Southern Grits and Eggs
- Level: Easy
- Yield: 4 servings
-
- Nutritional Analysis
- Per Serving
- Calories
- 405 calorie
- Total Fat
- 21 grams
- Saturated Fat
- 7 grams
- Cholesterol
- 445 milligrams
- Sodium
- 231 milligrams
- Carbohydrates
- 35 grams
- Dietary Fiber
- 4 grams
- Protein
- 20 grams
- Total: 25 min
- Active: 25 min
Ingredients
3/4 cup quick-cooking grits
1/2 cup shredded Cheddar cheese (about 2 ounces)
Kosher salt and freshly ground black pepper
8 large eggs
2 tablespoons vegetable oil
8 ounces frozen cut okra, thawed
1 bunch scallions, chopped (white and green parts separated)
1 green bell pepper, thinly sliced
Large pinch cayenne pepper
Directions
- Bring 3 cups water to a boil in a medium saucepan. Add the grits, reduce the heat to medium and cook, stirring occasionally, until thickened, about 5 minutes.
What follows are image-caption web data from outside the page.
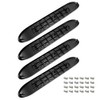 RULLINE Heavy-Duty Non-Slip 4"x24" Oval Step Bar Tread Pad -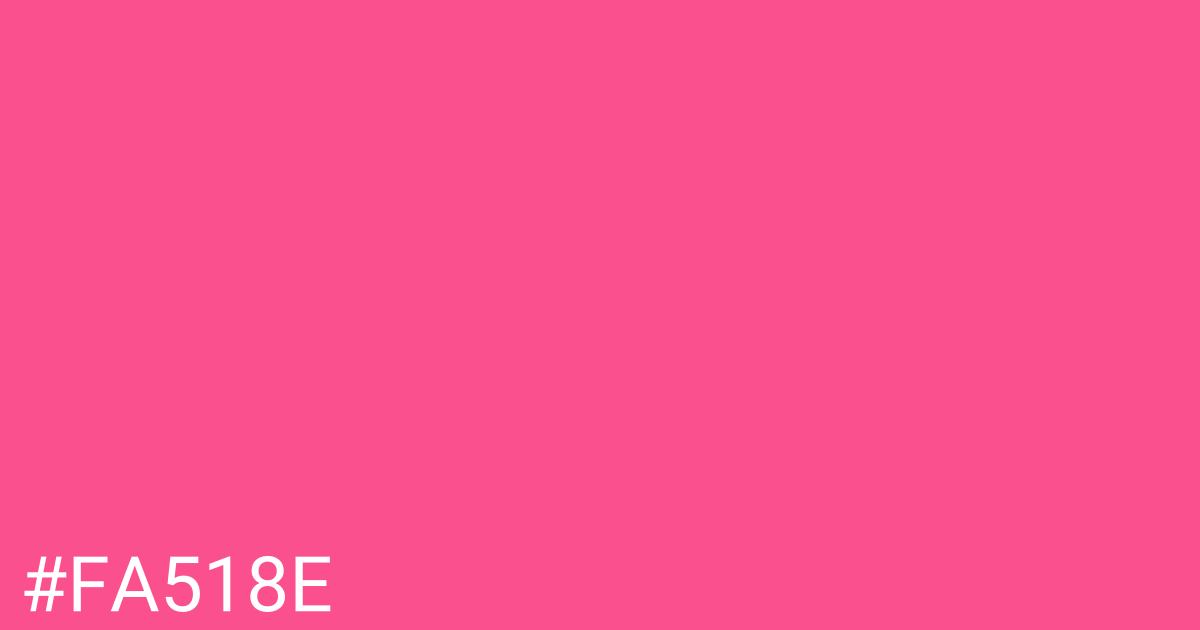 Hex color #fa518e graphic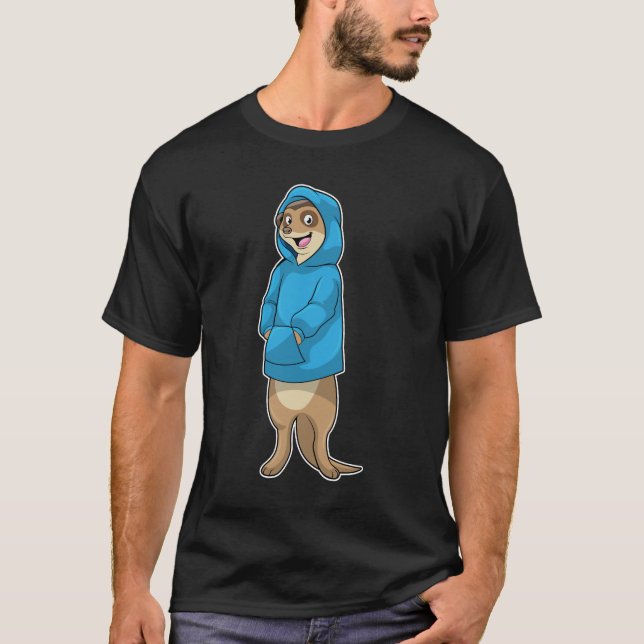 Meerkat avec Sweat - shirt à capuche (Devant)
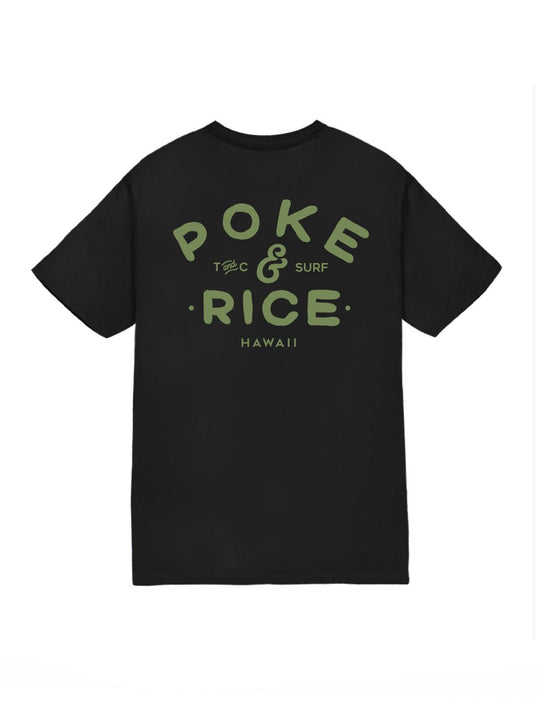 T&C Surf Designs Poke and Rice Jersey Tee, Black / S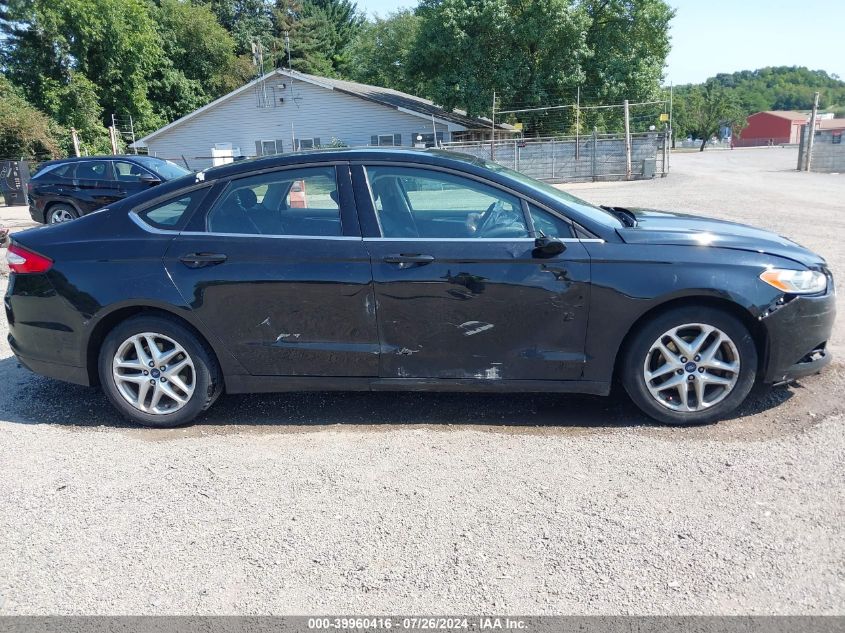 2016 Ford Fusion Se VIN: 3FA6P0H75GR164495 Lot: 39960416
Remove from the heat. Stir in the cheese and season with salt and black pepper; cover to keep warm.
- Crack the eggs into a large bowl. Heat the vegetable oil in a large nonstick skillet over medium-high heat. Add the okra, scallion whites, bell pepper, cayenne, 1/4 teaspoon salt, and black pepper to taste; cook, stirring, until the vegetables start to soften, 2 to 4 minutes.
- Carefully slide the eggs on top of the okra mixture, keeping the yolks intact. Reduce the heat to medium; cover and cook, rotating the skillet occasionally, until the eggs are just set, about 6 minutes.
- Serve the grits with the vegetables and eggs. Top with the scallion greens.